[[ Material for the task open ]]

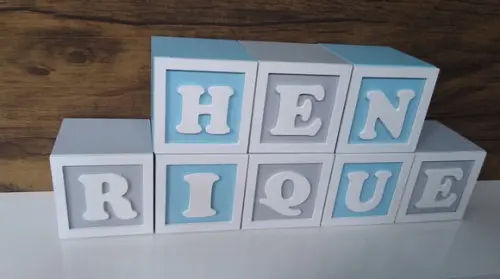 9 Cubos Decorativos em mdf Também 6×6 com Molduras
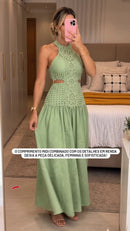 Vestido Longo Renda com Recortes - Verde - lateral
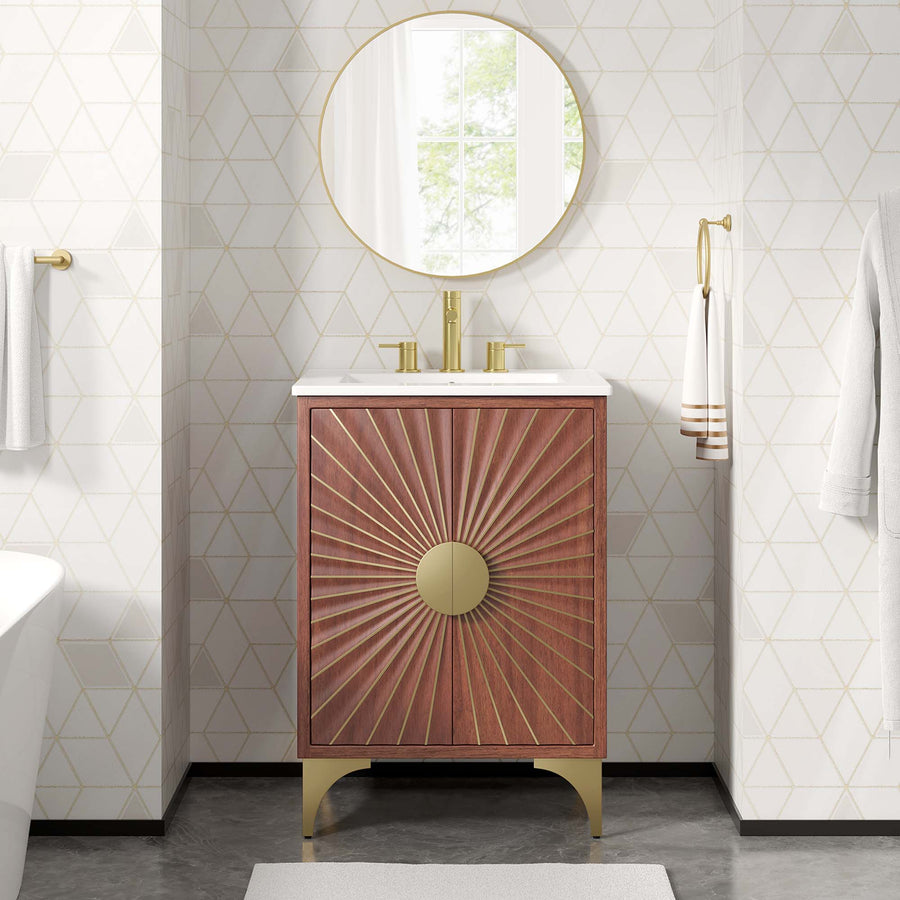Ridge 24" Bathroom Vanity in White Walnut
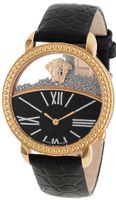 Versace 93Q80BD008 S009 "Krios" Rose Gold Ion-Plated Stainless Steel and Black Leather Micro-Sphere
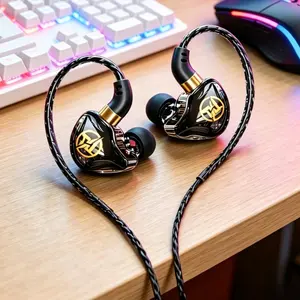 Trendy In-Ear Wired Headphones with Clear Transparent Case & Gold Logo 3.5mm/Type-C Universal for Phone Laptop Aesthetic Design
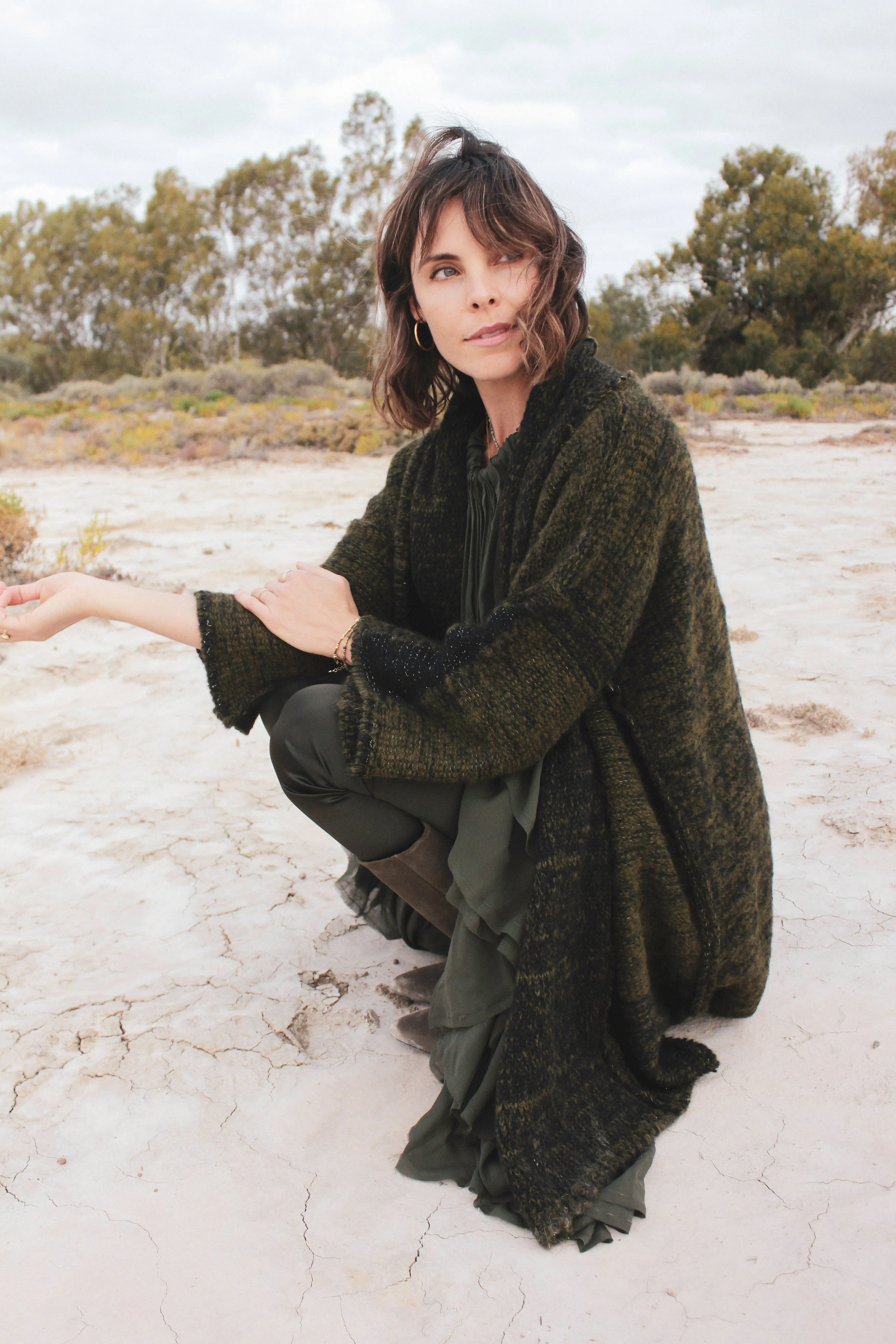 Amano alpaca kimono style cardigan with mesh detail - oat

[[ Material for the task closed ]]

Task details | Extract the run of lines beginning with the line that holds "Versace 93Q80BD008 S009" and ending at the last line of the data, inclusive. Exclude any pictures from the copy.

Exercise response |
 Versace 93Q80BD008 S009 "Krios" Rose Gold Ion-Plated Stainless Steel and Black Leather Micro-Sphere
 Trendy In-Ear Wired Headphones with Clear Transparent Case & Gold Logo 3.5mm/Type-C Universal for Phone Laptop Aesthetic Design
 Amano alpaca kimono style cardigan with mesh detail - oat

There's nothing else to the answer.